**Your task:** From the line containing "Jake on a Rack – Pump Action – OnlyFans" through the last line of the records below, each line is to be repeated exactly; pictures are to be omitted.

Pictures with short captions
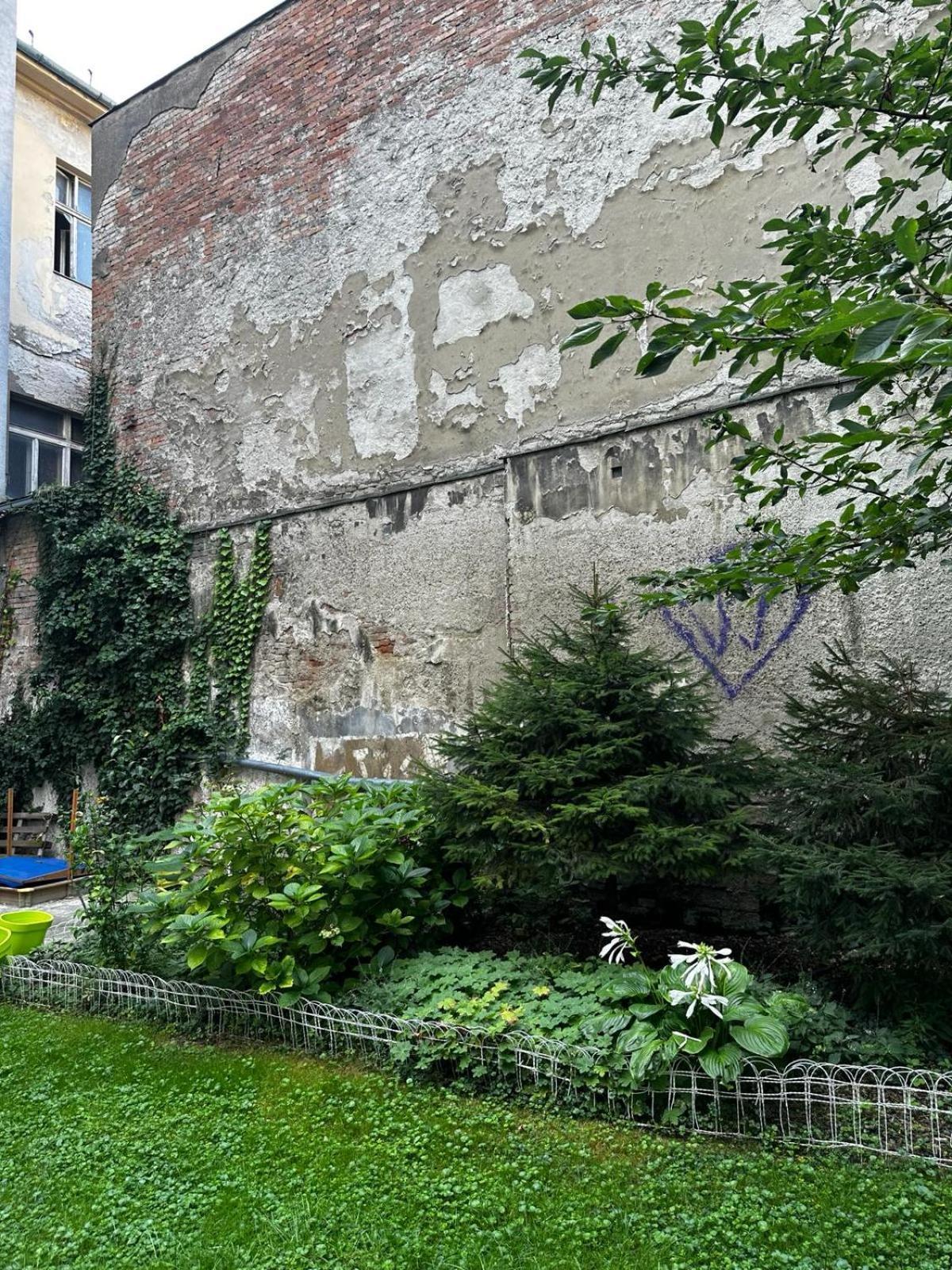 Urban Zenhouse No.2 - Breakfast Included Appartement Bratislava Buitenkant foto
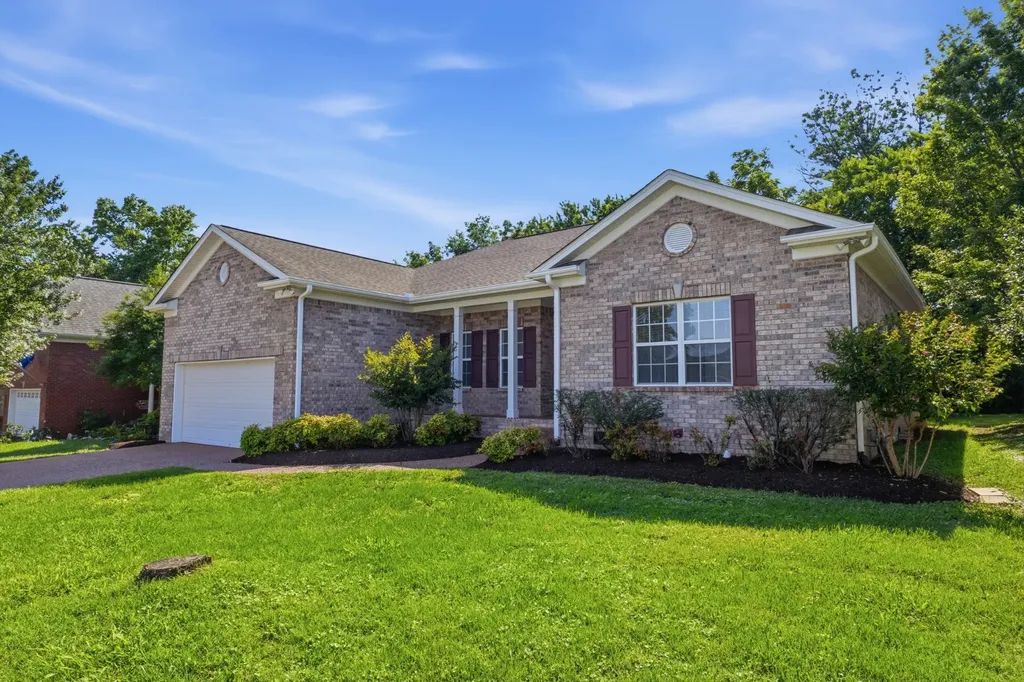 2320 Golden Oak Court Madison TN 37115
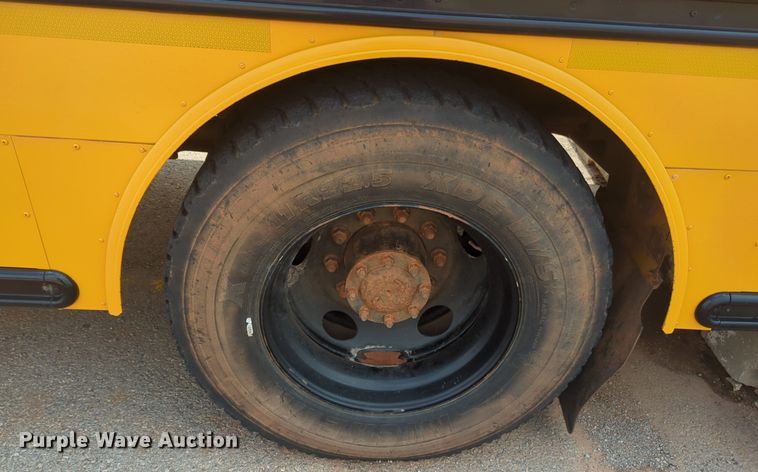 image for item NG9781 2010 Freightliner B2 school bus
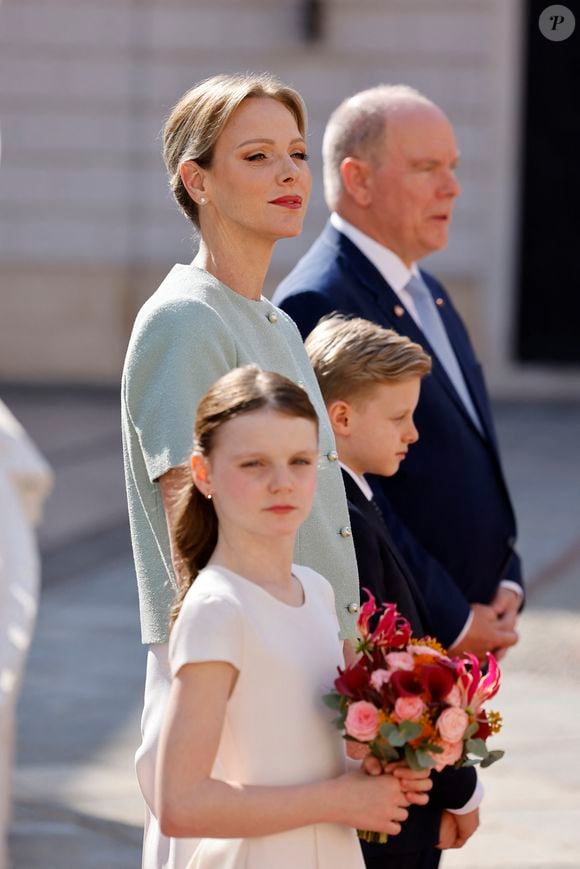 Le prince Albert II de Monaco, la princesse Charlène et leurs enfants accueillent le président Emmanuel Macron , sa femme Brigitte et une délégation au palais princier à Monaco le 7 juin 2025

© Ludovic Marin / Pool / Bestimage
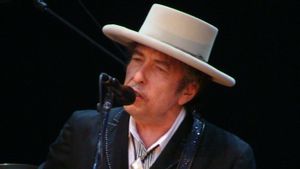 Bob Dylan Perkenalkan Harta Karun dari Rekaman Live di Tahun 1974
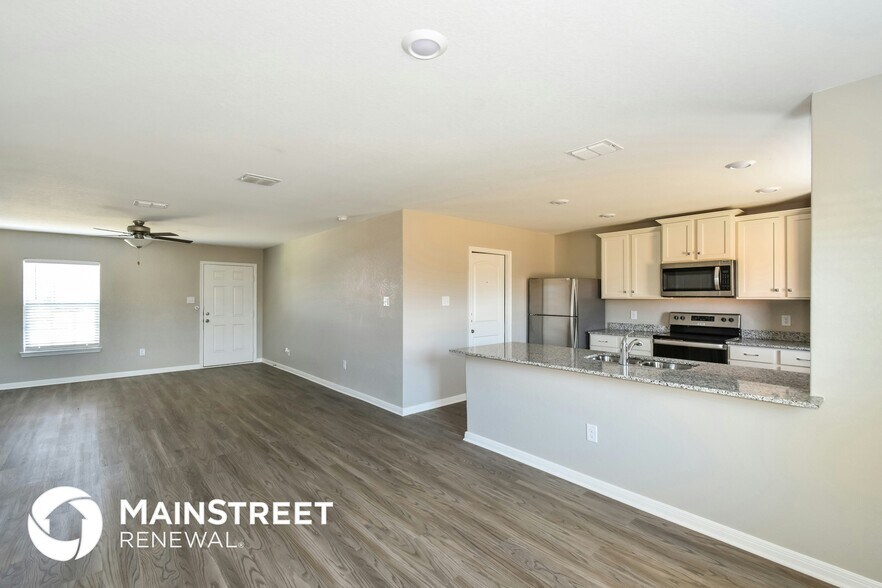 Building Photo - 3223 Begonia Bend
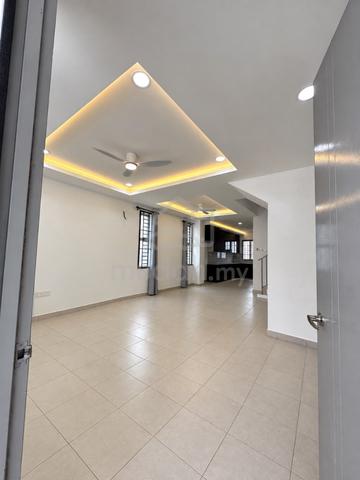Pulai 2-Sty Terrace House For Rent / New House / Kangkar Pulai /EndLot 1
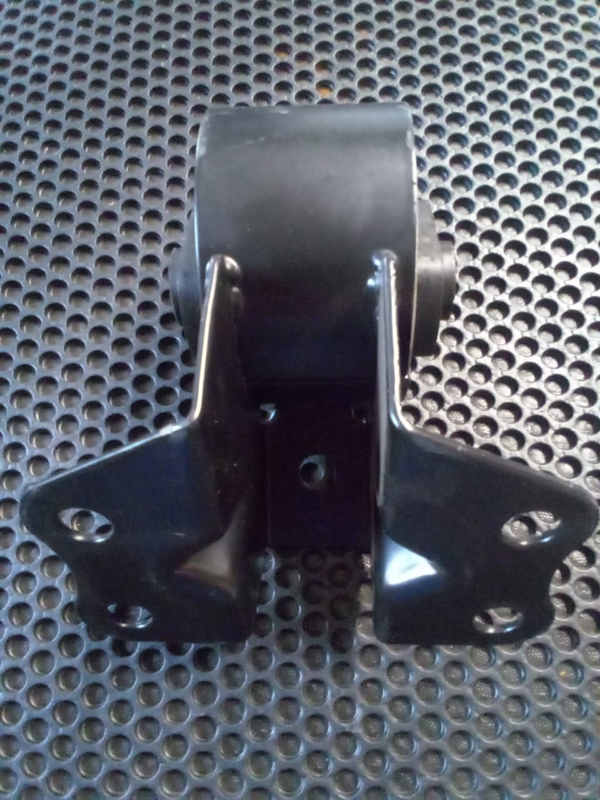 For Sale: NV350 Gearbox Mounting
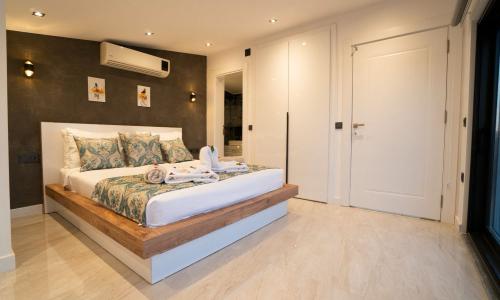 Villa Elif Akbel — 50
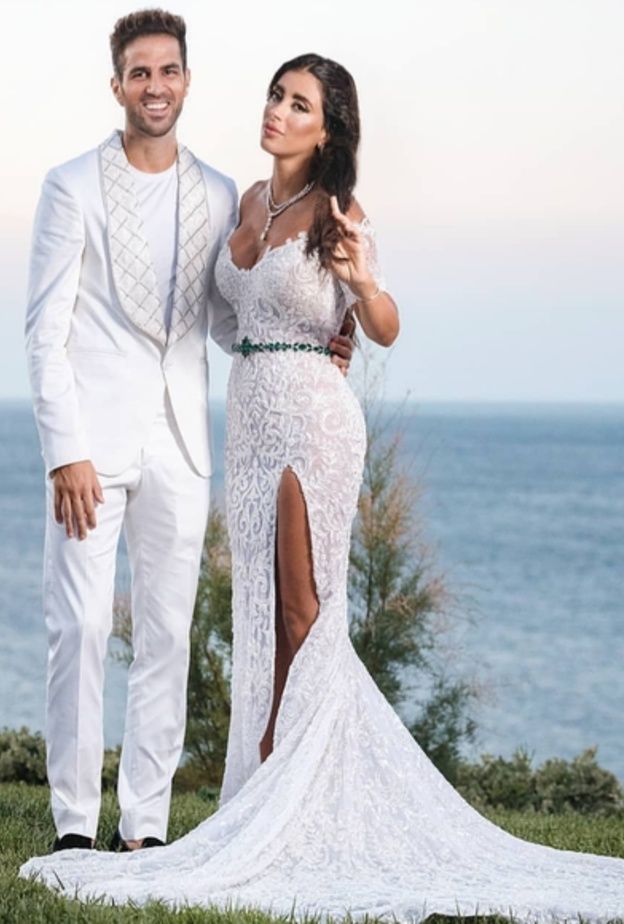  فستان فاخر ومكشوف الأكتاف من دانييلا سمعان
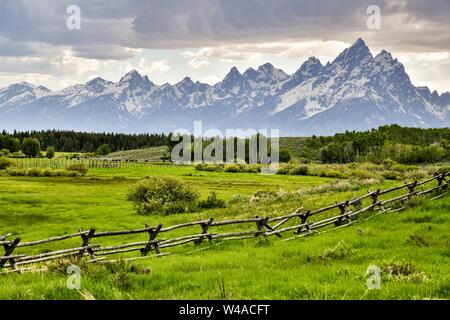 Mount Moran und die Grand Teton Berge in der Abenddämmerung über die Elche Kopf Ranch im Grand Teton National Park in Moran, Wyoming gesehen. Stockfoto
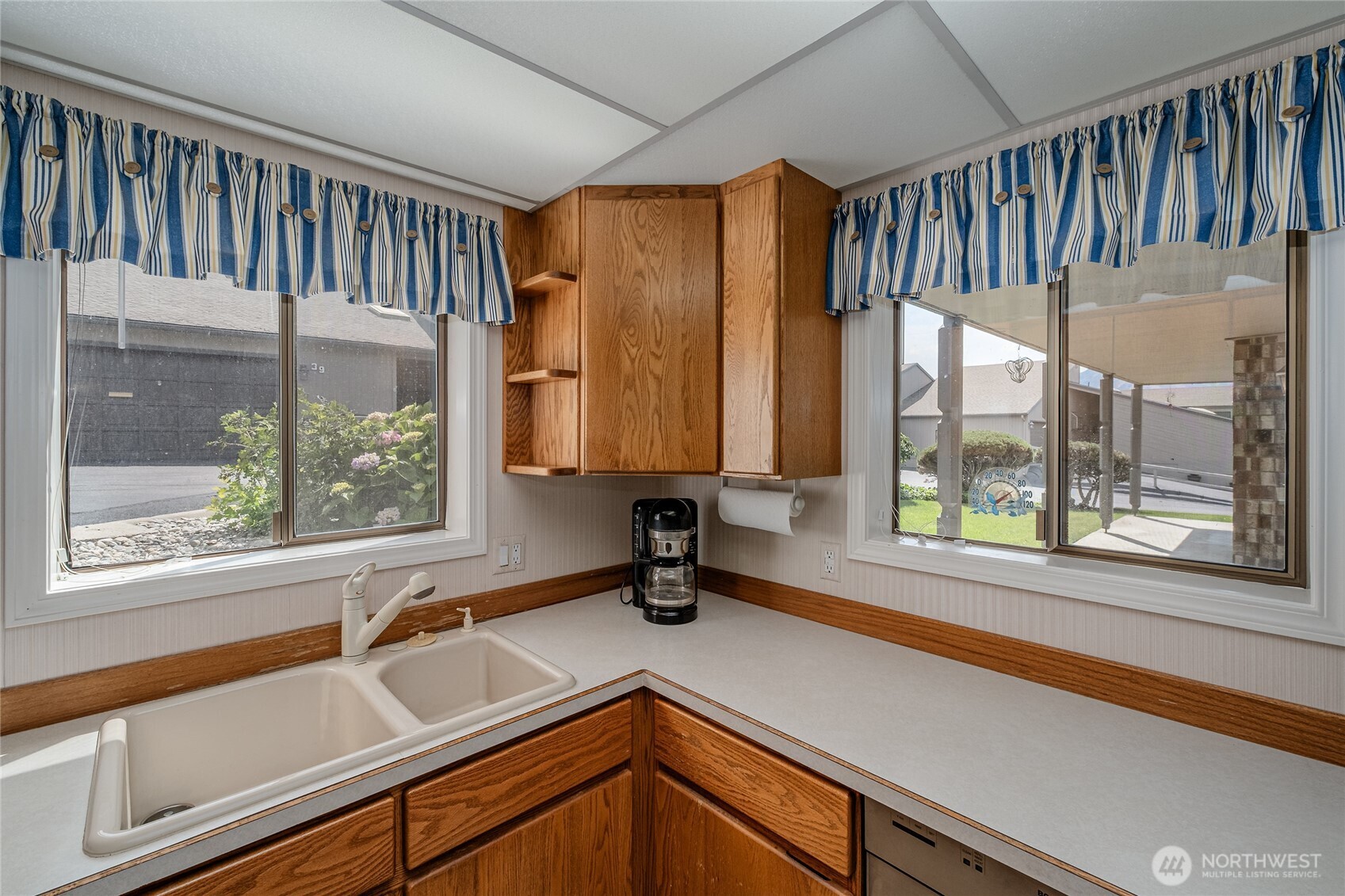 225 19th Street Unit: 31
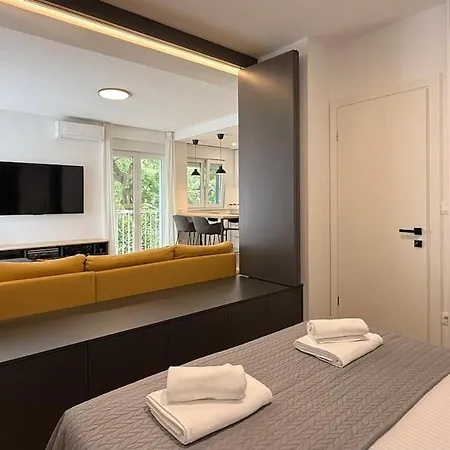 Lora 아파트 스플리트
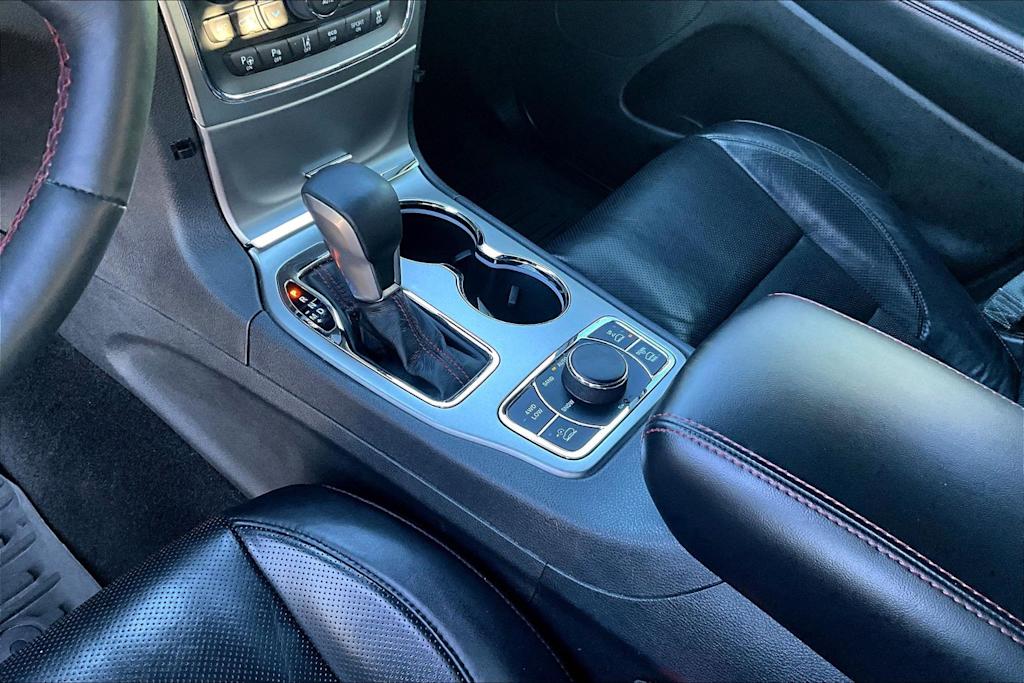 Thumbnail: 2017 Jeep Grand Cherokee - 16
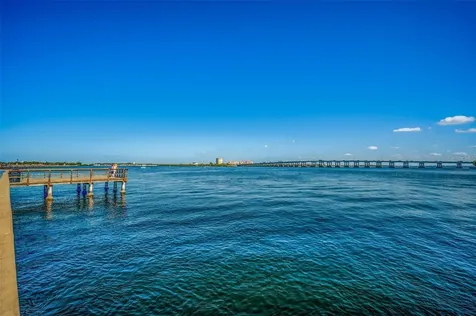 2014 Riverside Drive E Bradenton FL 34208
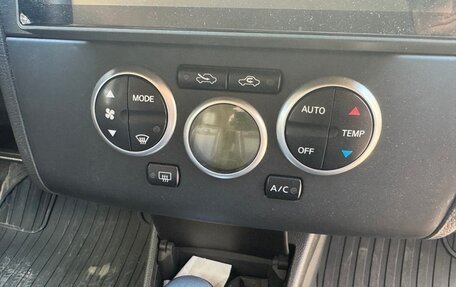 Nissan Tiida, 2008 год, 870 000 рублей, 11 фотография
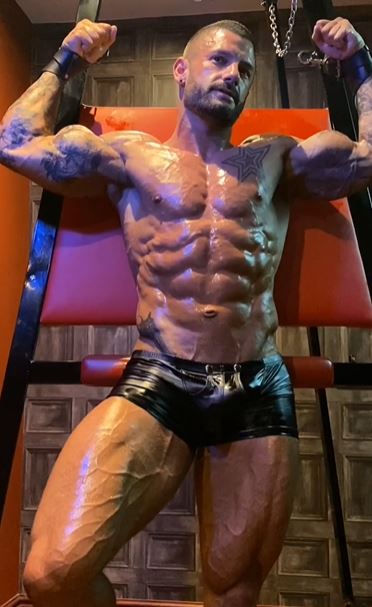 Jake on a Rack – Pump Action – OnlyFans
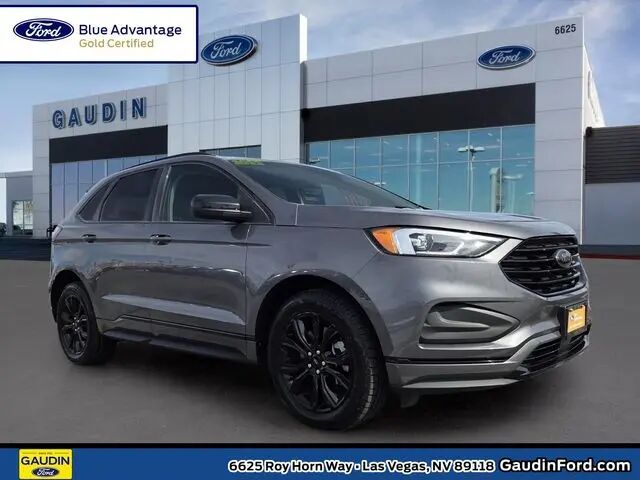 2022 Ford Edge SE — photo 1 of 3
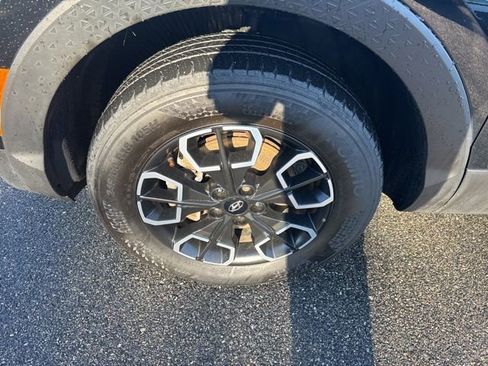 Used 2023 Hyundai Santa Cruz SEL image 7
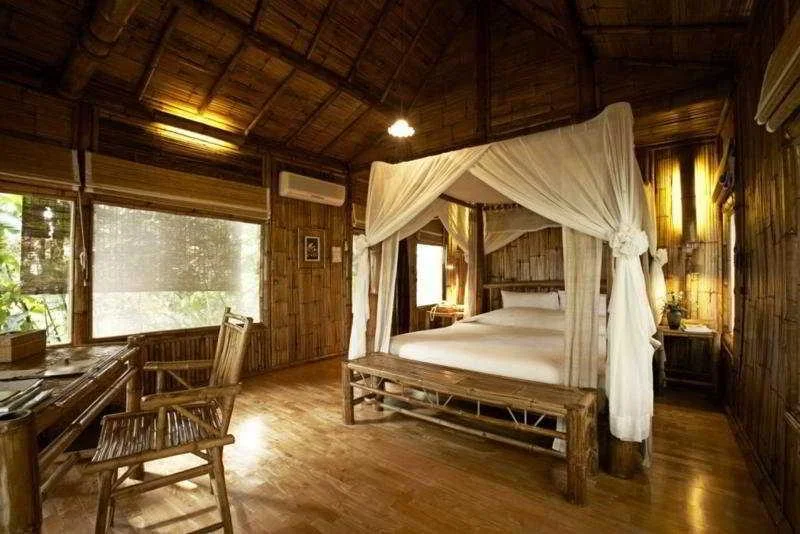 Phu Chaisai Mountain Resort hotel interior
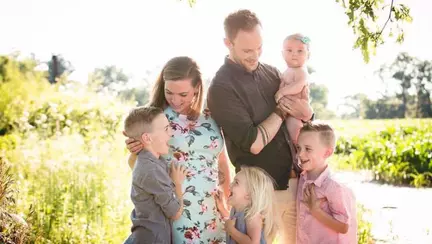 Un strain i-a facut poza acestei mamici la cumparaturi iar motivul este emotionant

**Answer to the exercise:**
 Jake on a Rack – Pump Action – OnlyFans
 2022 Ford Edge SE — photo 1 of 3
 Used 2023 Hyundai Santa Cruz SEL image 7
 Phu Chaisai Mountain Resort hotel interior
 Un strain i-a facut poza acestei mamici la cumparaturi iar motivul este emotionant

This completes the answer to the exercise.